-- Working data follows --
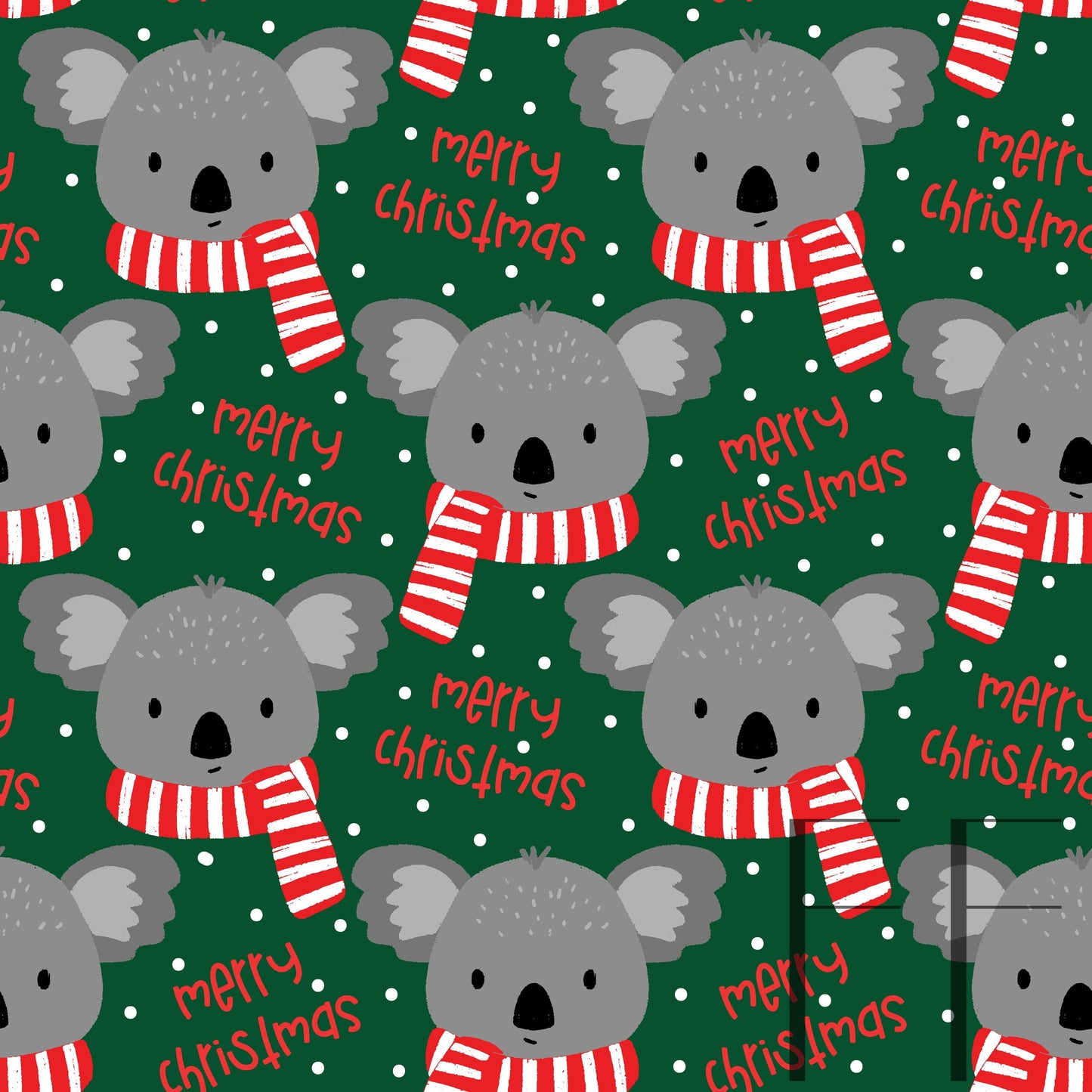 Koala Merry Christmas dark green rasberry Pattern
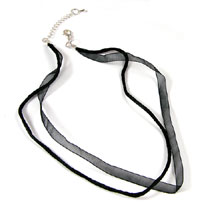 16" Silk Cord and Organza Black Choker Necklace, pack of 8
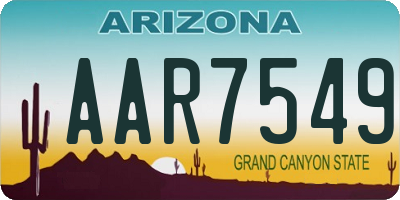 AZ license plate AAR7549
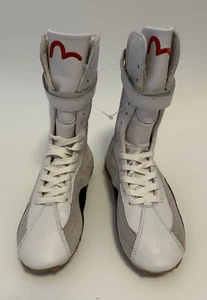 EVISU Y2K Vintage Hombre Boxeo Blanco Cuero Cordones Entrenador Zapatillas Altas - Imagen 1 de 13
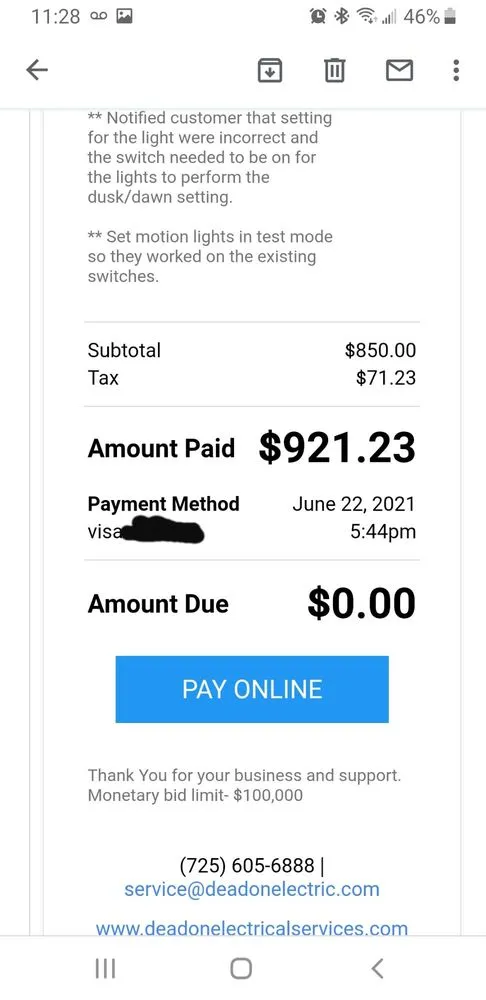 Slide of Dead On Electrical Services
-- Working data concluded --
The entries above need to be output again in full, exactly, and without pictures.

- [Response to this exercise]:
 Koala Merry Christmas dark green rasberry Pattern
 16" Silk Cord and Organza Black Choker Necklace, pack of 8
 AZ license plate AAR7549
 EVISU Y2K Vintage Hombre Boxeo Blanco Cuero Cordones Entrenador Zapatillas Altas - Imagen 1 de 13
 Slide of Dead On Electrical Services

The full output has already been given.